EXERCISE AIM:
Reproduce the first line of the material below and each line after it, exactly, through the line containing "摩尔庄园手游怎么扔爆竹", and give nothing more.
*** Begin section ***
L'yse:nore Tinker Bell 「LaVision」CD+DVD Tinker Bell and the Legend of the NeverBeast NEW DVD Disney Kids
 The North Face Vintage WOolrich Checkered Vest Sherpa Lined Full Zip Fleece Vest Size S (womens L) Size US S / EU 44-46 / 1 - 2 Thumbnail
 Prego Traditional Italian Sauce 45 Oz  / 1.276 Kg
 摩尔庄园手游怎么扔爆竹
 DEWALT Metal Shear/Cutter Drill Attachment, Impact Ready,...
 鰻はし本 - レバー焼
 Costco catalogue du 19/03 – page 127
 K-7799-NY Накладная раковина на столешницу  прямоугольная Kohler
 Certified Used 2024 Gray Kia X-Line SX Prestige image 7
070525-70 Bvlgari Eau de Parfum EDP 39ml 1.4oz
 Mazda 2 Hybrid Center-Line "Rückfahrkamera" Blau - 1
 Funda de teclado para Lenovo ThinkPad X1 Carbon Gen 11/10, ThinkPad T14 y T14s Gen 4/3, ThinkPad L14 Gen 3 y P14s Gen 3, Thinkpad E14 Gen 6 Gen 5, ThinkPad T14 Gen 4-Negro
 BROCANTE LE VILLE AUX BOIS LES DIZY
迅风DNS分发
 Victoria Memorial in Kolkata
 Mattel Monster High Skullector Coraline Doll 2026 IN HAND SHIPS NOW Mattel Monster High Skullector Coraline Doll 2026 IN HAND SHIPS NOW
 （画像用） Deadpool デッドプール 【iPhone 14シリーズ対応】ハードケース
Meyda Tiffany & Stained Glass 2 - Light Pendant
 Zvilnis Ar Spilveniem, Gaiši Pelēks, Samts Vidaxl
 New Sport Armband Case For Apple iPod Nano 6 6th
*** End section ***
SOLVED EXERCISE:
L'yse:nore Tinker Bell 「LaVision」CD+DVD Tinker Bell and the Legend of the NeverBeast NEW DVD Disney Kids
 The North Face Vintage WOolrich Checkered Vest Sherpa Lined Full Zip Fleece Vest Size S (womens L) Size US S / EU 44-46 / 1 - 2 Thumbnail
 Prego Traditional Italian Sauce 45 Oz  / 1.276 Kg
 摩尔庄园手游怎么扔爆竹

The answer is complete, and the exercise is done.